China has been ramping up its exercises around Taiwan and flies aircraft almost daily into the southwestern part of Taiwan’s air defence zone.
A UK Ministry of Defence spokeswoman said: “HMS Richmond has navigated the Taiwan Strait, sailing from Japan to Vietnam. Wherever the Royal Navy operate, they do so in full compliance with international law.
“The UK has a range of security interests in the Indo-Pacific and many important bilateral defence relationships. This deployment is a sign of our commitment to regional security.”
The West’s militaries are working on the assumption that China wants to be capable of invading Taiwan by 2027, Larisa Brown writes.
By attempting to normalise the passage of ships through the Taiwan Strait, America and Britain are sending a message that they will not let it do so without a fight.
An invasion, even without the US and other allies being dragged into the conflict, would be no easy feat.
Add to the mix the military might of the US, backed by the Royal Navy, and China’s dream of global dominance could go up in smoke.

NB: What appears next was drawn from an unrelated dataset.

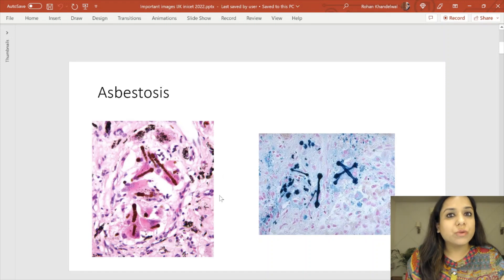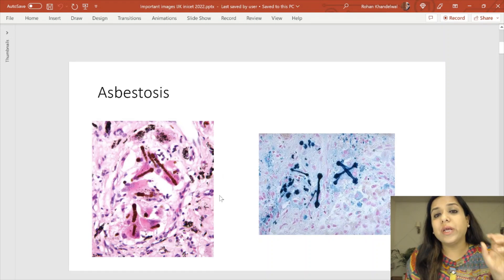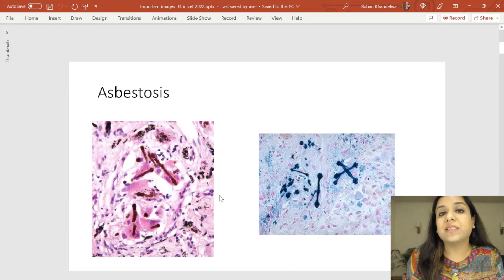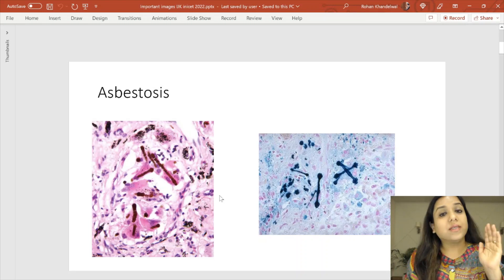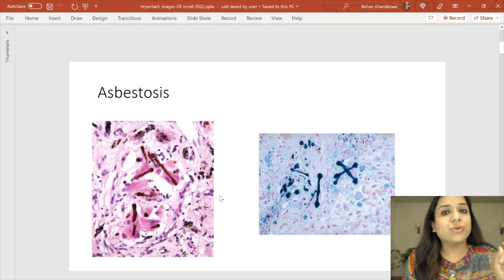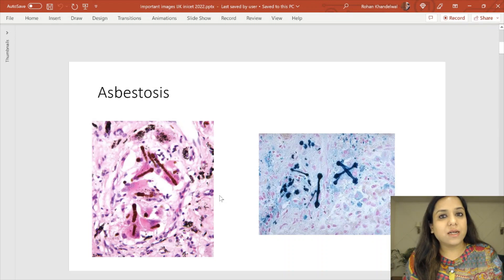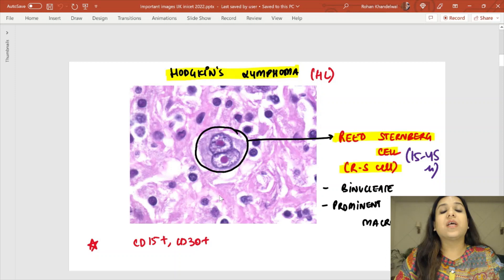Also important: in the first image on the left side, you can see a blackish pigment. In a lung biopsy, this blackish pigment is basically anthracosis — carbon pigment. There was another question on carbon pigment asked last year in the NEET and INICET exam.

The decision to send HMS Richmond, a Type 23 frigate on its maiden voyage, through the strait was made after months of discussions by ministers and officials across government.
The US regularly sends warships through, the most recent sailing coming earlier this month, but this is the first time a British frigate or destroyer has made the journey since 2008.
By doing so, the Royal Navy is exercising the legal right of all ships to pass through an international waterway. It is about demonstrating the UK’s commitment to a free and open Indo-Pacific. It is also part of a wider UK government tilt towards the region, and follows the new Aukus pact between the US, UK and Australia.
The Foreign Office was said to be in agreement with the Ministry of Defence that HMS Richmond should brave the strait – but the absence of the HMS Queen Elizabeth, which remained near Guam, speaks volumes about how far the UK might be willing to go to push Beijing’s buttons.